Over a decade ago, New York State enacted Manny’s Law, which required New York’s non-profit hospitals to provide hospital financial assistance to low-income patients. The law is named after Manny Lanza, a young New Yorker with a brain condition who died after being precipitously discharged from a hospital because he was uninsured. Under Manny’s Law, hospitals must provide financial assistance to uninsured, low-income patients in exchange for receiving funds from the State’s $1.1 billion Indigent Care Pool. In 2012, the Department of Health began to audit the hospitals’ financial aid programs in response to reports of inadequate compliance.

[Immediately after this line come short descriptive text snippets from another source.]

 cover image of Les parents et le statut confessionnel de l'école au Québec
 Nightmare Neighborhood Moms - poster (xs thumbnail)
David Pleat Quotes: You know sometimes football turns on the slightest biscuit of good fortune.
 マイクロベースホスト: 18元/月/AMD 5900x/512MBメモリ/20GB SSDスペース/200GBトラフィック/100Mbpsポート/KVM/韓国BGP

A Freedom of Information Law request filed with the Department of Health shows that a decade later, hospitals still fail to comply with Manny’s Law—and, in fact, appear to be regressing, with the audit showing that they were less compliant in 2018 than they were the prior two years. The audit includes a list of questions that hospitals can pass or fail, and the chart below shows the total number of failed questions:

What kinds of problems did the audit reveal?

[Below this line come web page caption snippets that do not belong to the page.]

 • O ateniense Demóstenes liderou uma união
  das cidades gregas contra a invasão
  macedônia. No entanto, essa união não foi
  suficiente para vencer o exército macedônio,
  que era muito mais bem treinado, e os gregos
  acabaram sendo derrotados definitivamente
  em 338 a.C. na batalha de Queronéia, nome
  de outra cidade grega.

First, the audit found that a decade after the passage of Manny’s Law, many hospitals’ financial aid applications still include impermissible requirements that make it hard for patients to apply. For example, 17% of hospitals audited had incorrectly adopted a “Medicaid denial first” policy. Medicaid applications can take a lot of time to process. Requiring a patient to receive a denial before beginning the financial assistance process causes unnecessary delay for patients. Other impermissible hurdles to hospital financial aid revealed by the audit included requiring patients to provide their: past tax returns (14.3%); monthly bills and other financial obligations (13.1%); and Social Security numbers (12.0%).

Second, the audit found that many hospitals’ financial assistance policies do not protect low-income patients from extraordinary collections actions that are explicitly forbidden under state law because they are so harmful to patients. For example, one in five hospitals said that they allow accelerator clauses that mean missed payments trigger higher rates of interest (20.0%). Interest adds hundreds or thousands of dollars to medical bills that patients are already struggling to pay. (A bill to reform New York State’s onerous 9 percent judgment interest rate awaits Governor’s Hochul’s signature (S55724B/6474B).) Next, the audit reveals that hospitals are allowing collections agencies to pursue their patients without the hospitals’ written consent (9.1%). This means patients are hassled by debt collectors even while they are working on applying for financial assistance or otherwise trying to work with the hospital to pay their bill. Finally, hospitals’ policies do not explicitly prohibit forced sales or foreclosures on patients’ homes (7.4%).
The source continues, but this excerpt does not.